**WHAT YOU WILL DO**
Please restate each line of the data below exactly. Omit all images.

** Opening DATA EXCERPT block **

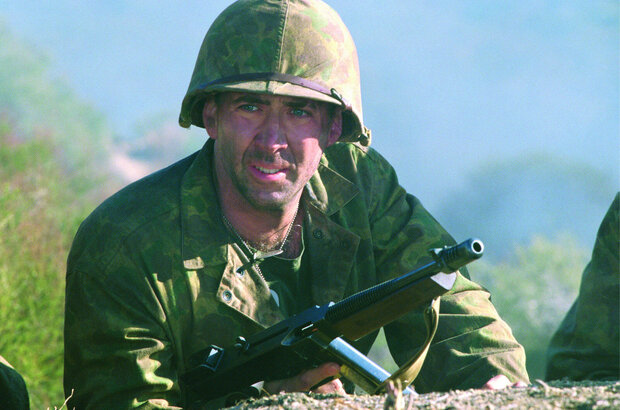 Windtalkers (2002) - photo 5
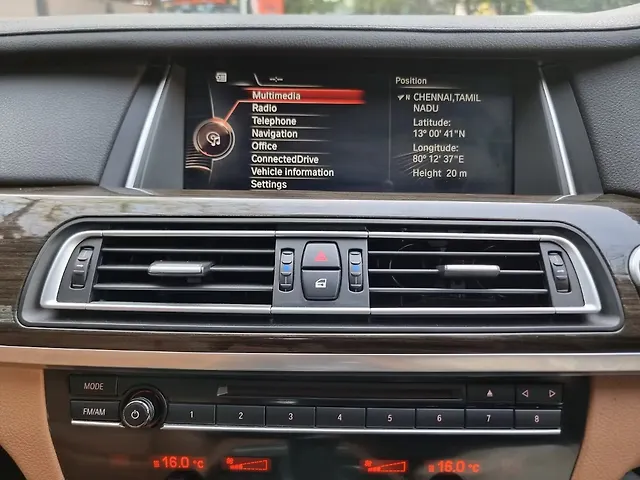 Used BMW 7 Series [2013-2016] 730Ld in Chennai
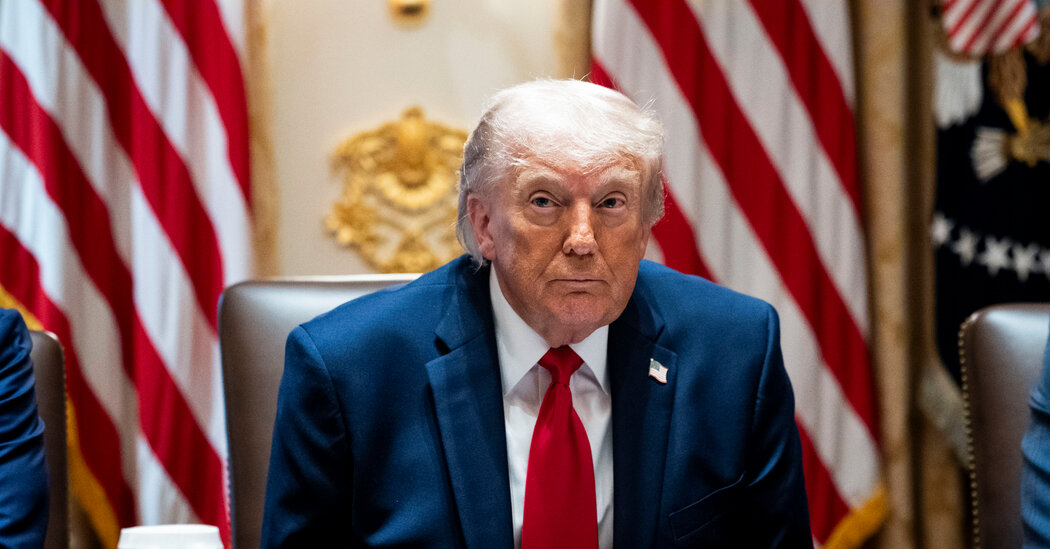 Judge Reopens Trump’s Lawsuit Demanding $10 Billion From IRS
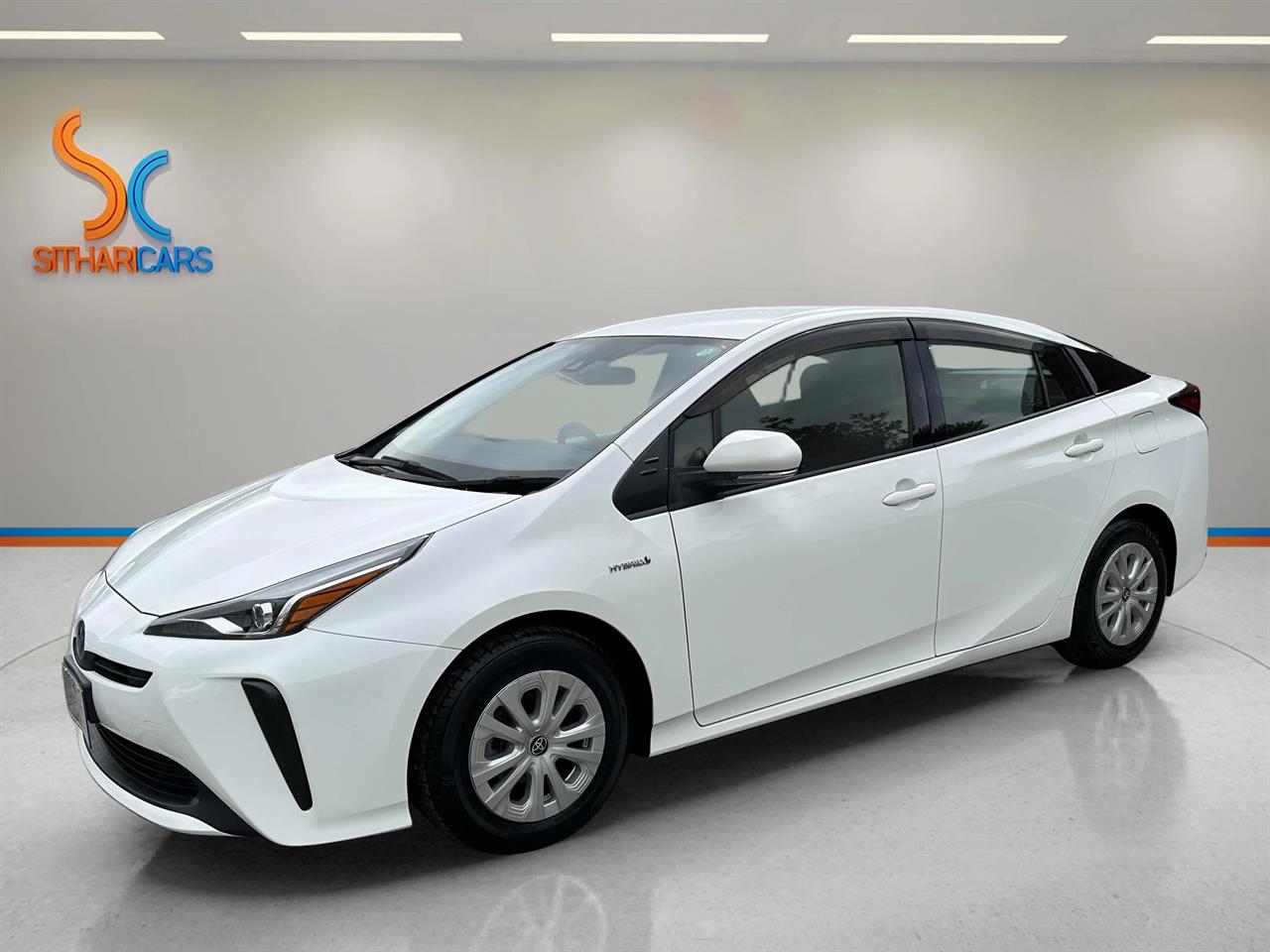 2020 Toyota Prius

** Closing DATA EXCERPT block **

**RESULT OF THIS TASK**
 Windtalkers (2002) - photo 5
 Used BMW 7 Series [2013-2016] 730Ld in Chennai
 Judge Reopens Trump’s Lawsuit Demanding $10 Billion From IRS
 2020 Toyota Prius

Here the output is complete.